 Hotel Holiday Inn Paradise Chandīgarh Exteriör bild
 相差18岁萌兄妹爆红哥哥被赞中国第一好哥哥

---

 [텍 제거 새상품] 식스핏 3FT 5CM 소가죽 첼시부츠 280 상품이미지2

...

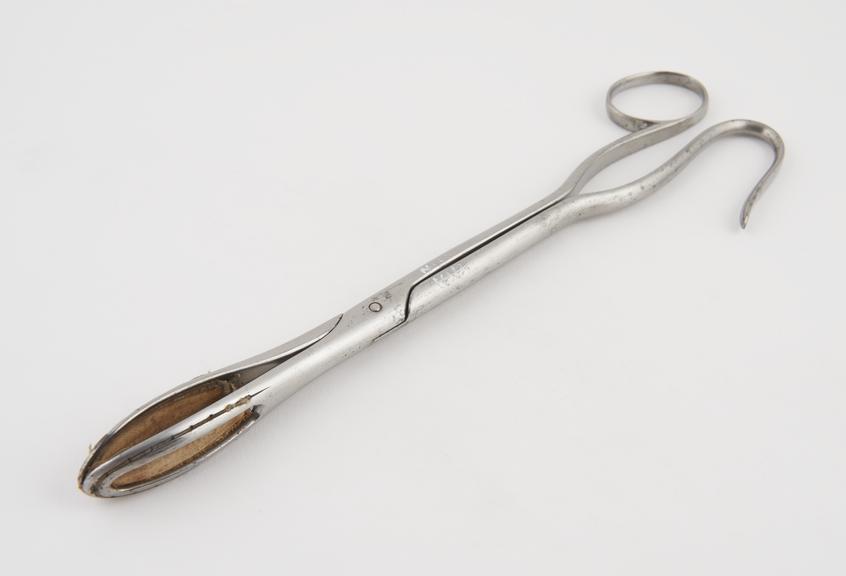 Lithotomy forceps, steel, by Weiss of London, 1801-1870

▶ _Exercise_: Everything from the line with "Hotel Holiday Inn" through the line with "相差18岁萌兄妹爆红哥哥被赞中国第一好哥哥" in the listing above must be retyped exactly, with nothing added.

▶ _Answer to this problem_:
 Hotel Holiday Inn Paradise Chandīgarh Exteriör bild
 相差18岁萌兄妹爆红哥哥被赞中国第一好哥哥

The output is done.